Il est vrai que d’autres mitsvot ont le privilège d’être considérées par nos sages comme « pesant autant à elles seules que l’ensemble des autres » : la circoncision (Nédarim 32a), la tsédaqa (dons aux pauvres, Baba Batra 9a), les tsitsit (franges rituelles, Chevou’ot 29a), les téphilines (phylactères, Mena’hot 43b), le Chabbat (Talmud de Jérusalem, Nédarim 3, 9), l’étude de la Torah et la bienfaisance (début du traité Péa). Mais d’un point de vue halakhique, la mitsva de peupler le pays a priorité sur ces autres mitsvot, car c’est la seule mitsva qui repousse les interdits rabbiniques applicables le Chabbat, et que l’on désigne sous le nom de chevout. En effet, si l’on devait transgresser un interdit de chevout afin de réaliser une circoncision le Chabbat, on annulerait la circoncision plutôt que de transgresser le Chabbat. Tandis que, afin d’acheter une maison sur la terre d’Israël, nos sages enseignent que, en cas de besoin, on pourra l’acheter le Chabbat en passant sur l’interdit de chevout que constitue le fait de demander à un non-Juif d’accomplir un travail interdit [en l’occurrence, signer le contrat de vente], comme expliqué en Guitin 8b, Baba Qama 80b et Tossephot ad loc.

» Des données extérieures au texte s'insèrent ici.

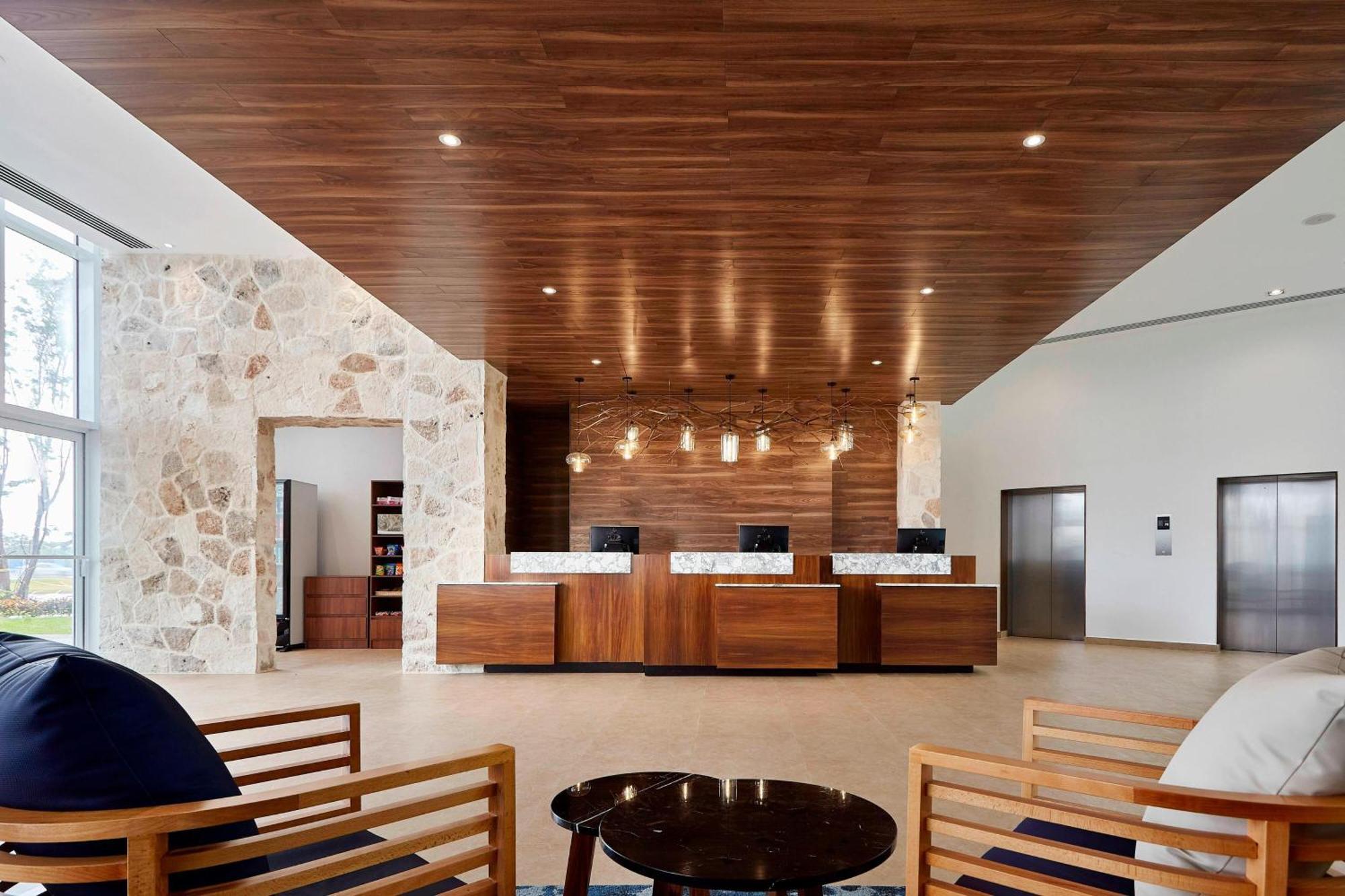 Fairfield Inn & Suites By Marriott Cancun Airport Alfredo V. Bonfil Екстериор снимка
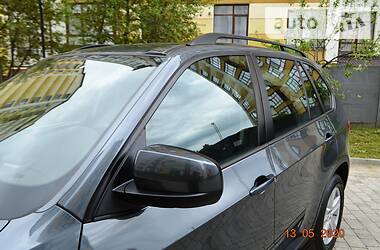 Позашляховик / Кросовер BMW X5 2011 в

Ces sources ne parlent pas de la libération de la terre d’Israël dans son intégralité, mais du simple achat d’une maison : même cela repousse la défense de chevout. Qui plus est, afin d’ériger une haie protectrice autour du Chabbat, nos sages ont été prêts à annuler la mitsva toranique de sonner du chofar et celle d’agiter le loulav, lorsque Roch hachana ou le premier jour de Soukot tombe le Chabbat. Tandis que, pour les besoins du peuplement de la terre d’Israël, nos sages ont annulé leurs propres paroles et ont levé leur interdit de chevout, interdit sévère dont la source réside dans une asmakhta [appui scripturaire donné à une règle de rang rabbinique]. (Selon le Séfer Mitsvot Gadol, il semble même que l’interdit de chevout soit d’essence toranique).

Par ailleurs, il nous est prescrit de sacrifier au besoin notre vie pour la mitsva de yichouv haarets ; en effet, il nous est ordonné d’hériter de la terre, c’est-à-dire de la conquérir [conformément à l’interprétation de Nb 33, 53 citée ci-dessus] ; or, dans une guerre, les militaires doivent mettre en danger leur vie, comme l’écrit le Min’hat ‘Hinoukh 425.

Si Maïmonide n’a pas compté cette mitsva parmi les six cent treize commandements, c’est parce qu’elle dépasse la valeur ordinaire des mitsvot, si bien qu’elle ne saurait s’inscrire dans une énumération détaillée. Comme l’écrit Maïmonide lui-même dans les principes (chorachim) à la base de son Séfer Hamitsvot, ainsi que dans ses propos sur la mitsva n°153, il ne convient pas de comptabiliser les directives à portée générale, encadrant l’ensemble de la Torah. Il ne serait pas non plus vraisemblable de dire que, de nos jours, la mitsva de yichouv haarets est seulement rabbinique. En effet, nos sages ont déclaré, après la destruction du deuxième Temple, que cette mitsva équivaut à l’ensemble des autres mitsvot ; or il serait invraisemblable qu’ils s’expriment de cette façon à l’égard d’une mitsva de rang rabbinique seulement. De plus, il ne serait pas vraisemblable de séparer une famille [dans le cas où l’un des deux époux refuse de vivre en Israël, tandis que l’autre le veut] ou de lever l’interdit de chevout, le Chabbat, pour une mitsva rabbinique (cf. Na’halat Ya’aqov du Rav Zisberg, vol. 1, pp. 201-249).